··· DATA EXTRACTS

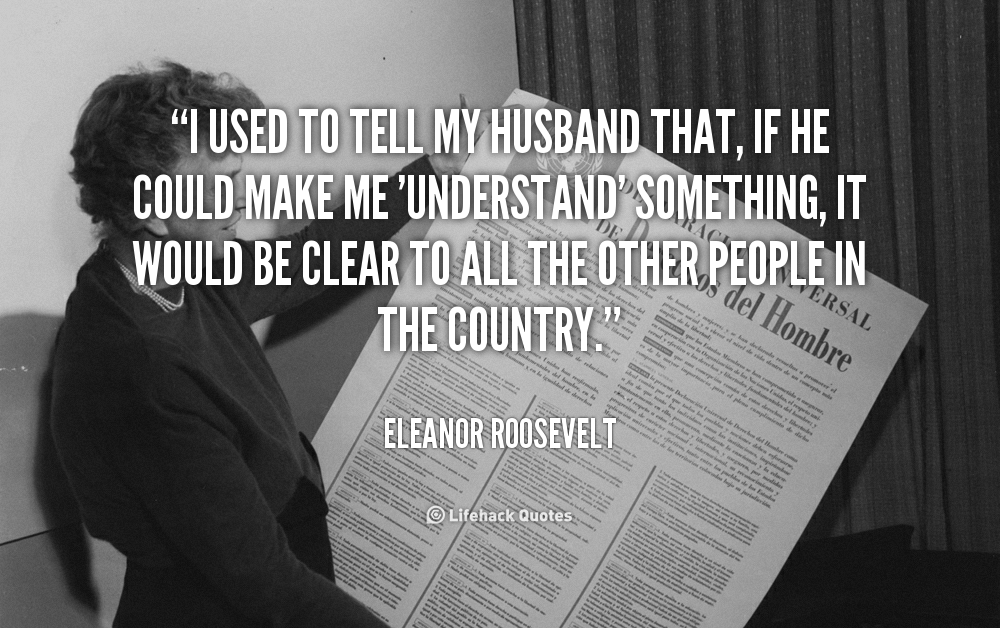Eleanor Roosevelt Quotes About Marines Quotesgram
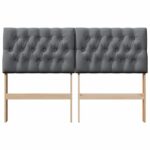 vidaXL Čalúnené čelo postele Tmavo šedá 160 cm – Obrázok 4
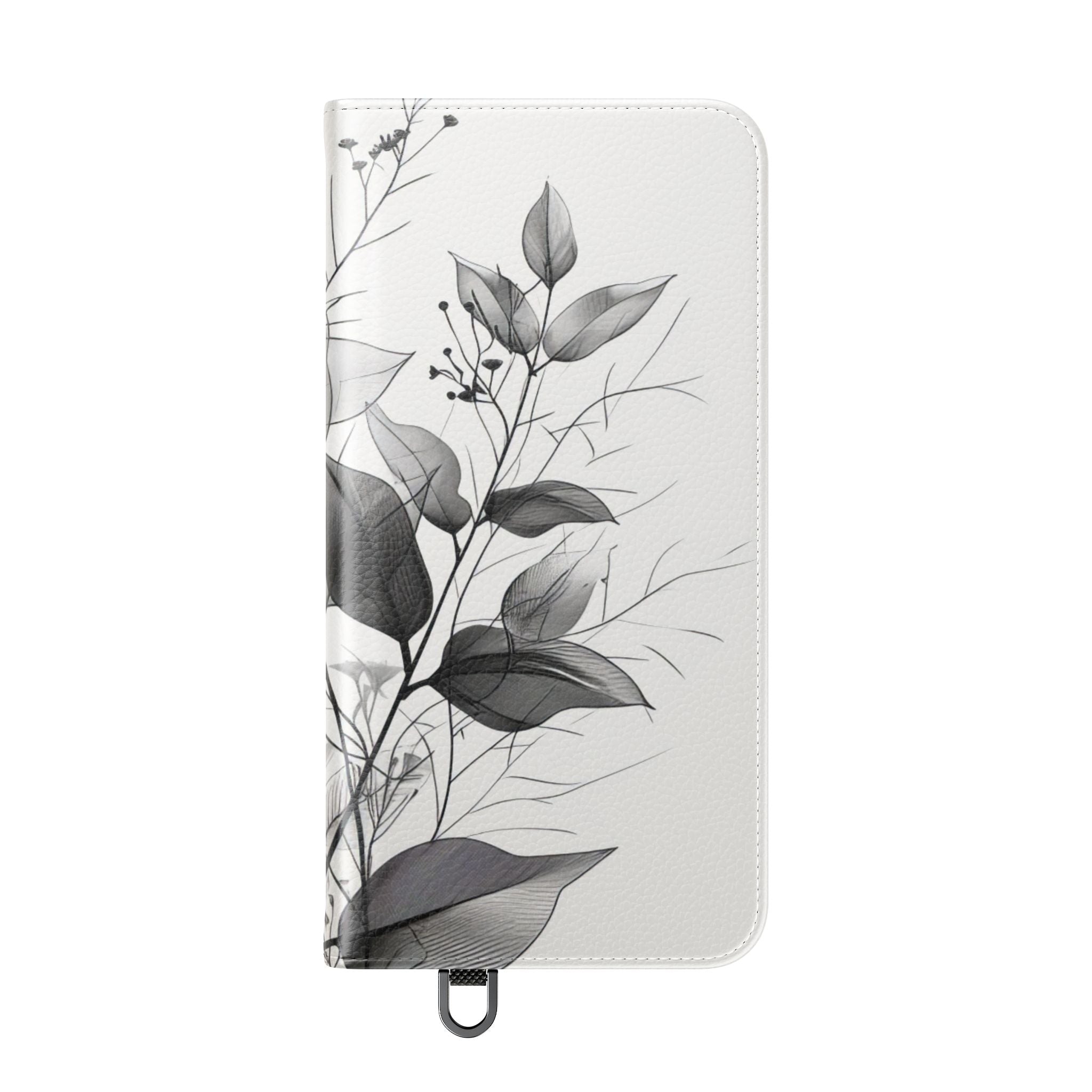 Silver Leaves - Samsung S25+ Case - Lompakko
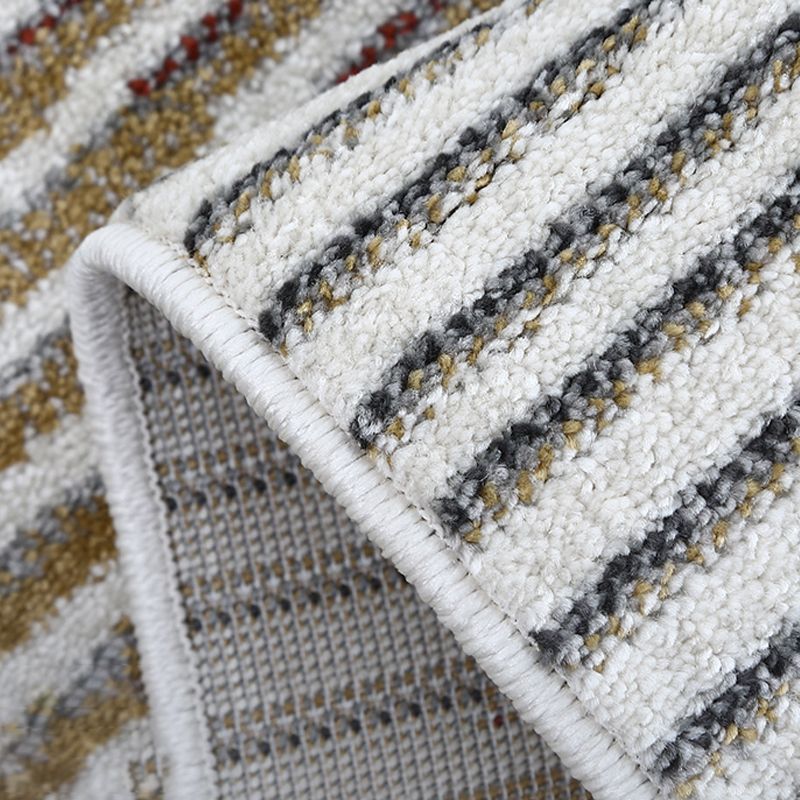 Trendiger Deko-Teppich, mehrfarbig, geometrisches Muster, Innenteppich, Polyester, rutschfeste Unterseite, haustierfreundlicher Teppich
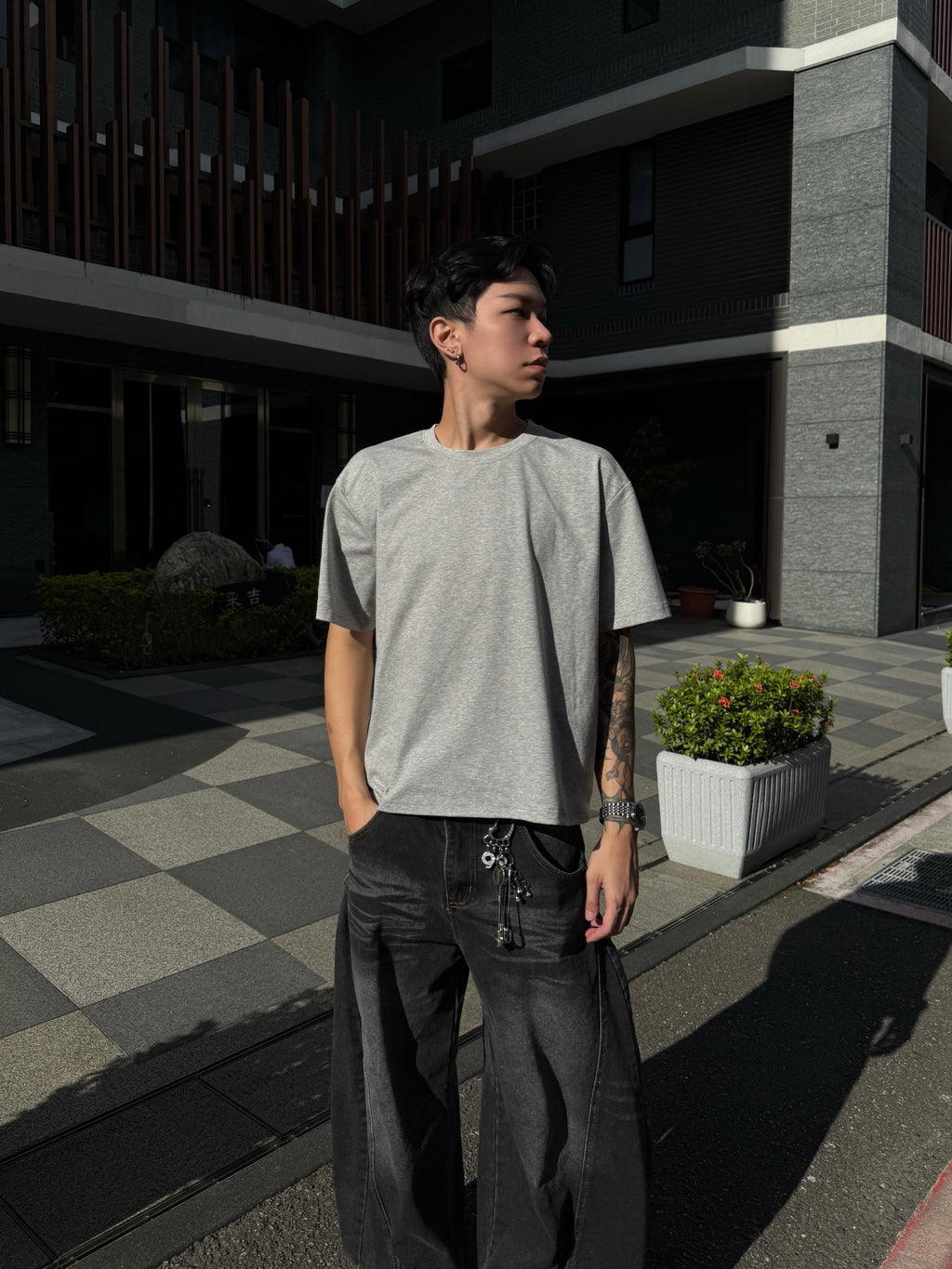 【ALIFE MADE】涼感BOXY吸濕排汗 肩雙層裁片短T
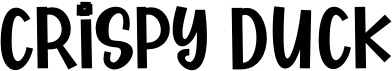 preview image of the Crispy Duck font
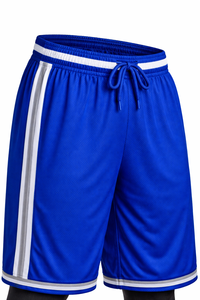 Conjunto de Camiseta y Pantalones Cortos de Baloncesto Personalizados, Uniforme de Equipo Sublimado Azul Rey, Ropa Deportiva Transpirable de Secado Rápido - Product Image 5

······

Make an exact copy of the whole listing, but don't bring over any pictures.

WRITTEN SOLUTION
Eleanor Roosevelt Quotes About Marines Quotesgram
 vidaXL Čalúnené čelo postele Tmavo šedá 160 cm – Obrázok 4
 Silver Leaves - Samsung S25+ Case - Lompakko
 Trendiger Deko-Teppich, mehrfarbig, geometrisches Muster, Innenteppich, Polyester, rutschfeste Unterseite, haustierfreundlicher Teppich
 【ALIFE MADE】涼感BOXY吸濕排汗 肩雙層裁片短T
 preview image of the Crispy Duck font
 Conjunto de Camiseta y Pantalones Cortos de Baloncesto Personalizados, Uniforme de Equipo Sublimado Azul Rey, Ropa Deportiva Transpirable de Secado Rápido - Product Image 5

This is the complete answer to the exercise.